Recebi uma mensagem via facebook de uma pessoa que fez parte das minhas turmas do sétimo e oitavo anos, sem memória de encontros posteriores. Reconheceu-me numa publicação de um evento em que participei mais de trinta anos depois de uma adolescência em que não cabíamos no corpo que vestia roupas demasiado largas.
Ontem à noite no Uber que me trouxe àquela que é, cada vez mais, a casa dos meus pais e menos a minha, tive uma surpresa sem medida. Sou conduzida pelo namorado recente de uma amiga que a meados nos anos 90 me emprestava os livros que eu devorava com prazer e de cuja biblioteca eu li todos os volumes das Brumas de Avalon, numa juventude em que sonhava ser adulta desejosa de sair das borbulhas e do invólucro desconhecido que não se ajustava a nada e no qual não me reconhecia.
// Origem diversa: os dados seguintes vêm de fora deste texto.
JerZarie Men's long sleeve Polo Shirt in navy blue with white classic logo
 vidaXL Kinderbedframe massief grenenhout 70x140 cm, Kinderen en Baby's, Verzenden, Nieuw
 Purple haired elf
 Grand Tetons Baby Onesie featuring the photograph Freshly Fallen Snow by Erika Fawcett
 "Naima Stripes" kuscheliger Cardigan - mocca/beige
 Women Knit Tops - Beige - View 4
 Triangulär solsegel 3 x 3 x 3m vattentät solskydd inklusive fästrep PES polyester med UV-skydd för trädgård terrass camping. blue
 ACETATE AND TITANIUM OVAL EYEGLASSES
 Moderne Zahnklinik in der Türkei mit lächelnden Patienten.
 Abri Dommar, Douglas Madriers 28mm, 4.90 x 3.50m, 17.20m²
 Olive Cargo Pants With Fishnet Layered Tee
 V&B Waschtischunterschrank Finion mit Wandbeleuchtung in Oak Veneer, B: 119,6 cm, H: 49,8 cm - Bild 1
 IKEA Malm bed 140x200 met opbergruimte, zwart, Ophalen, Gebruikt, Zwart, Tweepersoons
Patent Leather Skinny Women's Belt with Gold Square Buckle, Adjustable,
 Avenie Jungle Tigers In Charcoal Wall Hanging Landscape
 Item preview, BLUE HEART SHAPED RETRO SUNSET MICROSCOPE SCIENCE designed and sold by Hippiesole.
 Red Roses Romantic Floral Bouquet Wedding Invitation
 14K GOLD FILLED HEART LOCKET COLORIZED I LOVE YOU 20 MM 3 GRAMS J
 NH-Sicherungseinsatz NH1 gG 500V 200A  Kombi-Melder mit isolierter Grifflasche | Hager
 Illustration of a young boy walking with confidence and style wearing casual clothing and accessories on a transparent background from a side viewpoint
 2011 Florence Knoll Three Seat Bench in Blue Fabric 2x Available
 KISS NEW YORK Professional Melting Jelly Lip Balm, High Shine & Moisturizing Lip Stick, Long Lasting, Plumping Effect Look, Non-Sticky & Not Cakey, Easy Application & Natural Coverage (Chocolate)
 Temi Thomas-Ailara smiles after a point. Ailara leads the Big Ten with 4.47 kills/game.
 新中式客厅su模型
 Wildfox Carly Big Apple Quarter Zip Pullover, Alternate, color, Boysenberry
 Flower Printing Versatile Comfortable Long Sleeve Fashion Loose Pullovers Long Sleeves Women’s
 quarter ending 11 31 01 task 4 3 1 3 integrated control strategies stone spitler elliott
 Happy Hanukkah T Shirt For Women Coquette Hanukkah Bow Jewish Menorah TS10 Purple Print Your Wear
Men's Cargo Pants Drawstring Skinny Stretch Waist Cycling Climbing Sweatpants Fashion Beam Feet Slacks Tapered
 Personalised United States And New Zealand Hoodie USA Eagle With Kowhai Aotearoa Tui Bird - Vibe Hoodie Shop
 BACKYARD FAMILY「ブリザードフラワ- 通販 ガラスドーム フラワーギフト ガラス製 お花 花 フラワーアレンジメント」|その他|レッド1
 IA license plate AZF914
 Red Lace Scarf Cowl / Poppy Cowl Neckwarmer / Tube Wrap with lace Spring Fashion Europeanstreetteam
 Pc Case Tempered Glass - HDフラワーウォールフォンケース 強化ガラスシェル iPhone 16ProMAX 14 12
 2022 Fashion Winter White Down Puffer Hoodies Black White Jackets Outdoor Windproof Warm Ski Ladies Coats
Às vezes o passado encontra-nos sem nos darmos conta. E tal como os monstros ou os medos é bom olhá-lo frente.
Cumprimos-nos neste hiato e voltamos às vidas uns dos outros para lembrar que neste caminho de alguma forma seguimos fiéis a alguns sonhos de infância, resistimos à adolescência e saímos da juventude inteiros para a vida. E que vida, e que voltas não imaginadas.
Talvez esteja a entrar no estágio anterior à velhice e o que vivi na primeira parte da vida situe esta terceira num lugar de consciência e paz quando a comparo com uma memória que não é nítida, não é fílmica, mas é de sensações, flash desconexos, como os sonhos.
Que alegria em recordar um amigo que me transmitia paz e que me fazia sentir vista, que alegria recordar uma amiga que me emprestava livros e que sendo mais velha, bonita e com quem aprendia pelo espanto, representava o que desejava ser num futuro que não acreditava que acontecesse. Aconteceu.
Sinto-me profundamente grata pelas memórias que agora construo, baseadas em factos reais. Pela escola cheia de luz e portas que davam para a rua, em cujas salas, alguém reparava que me sentava à frente com uma atenção mais madura que a idade.
Pela estação rodoviária de bancos de madeira castanha polida, cheiro a tubo de escape e de altifalantes fanhosos onde me cruzava com duas irmãs altas, uma loura e outra morena, que apanhando o mesmo autocarro, me faziam companhia com sorrisos e curiosidades literárias.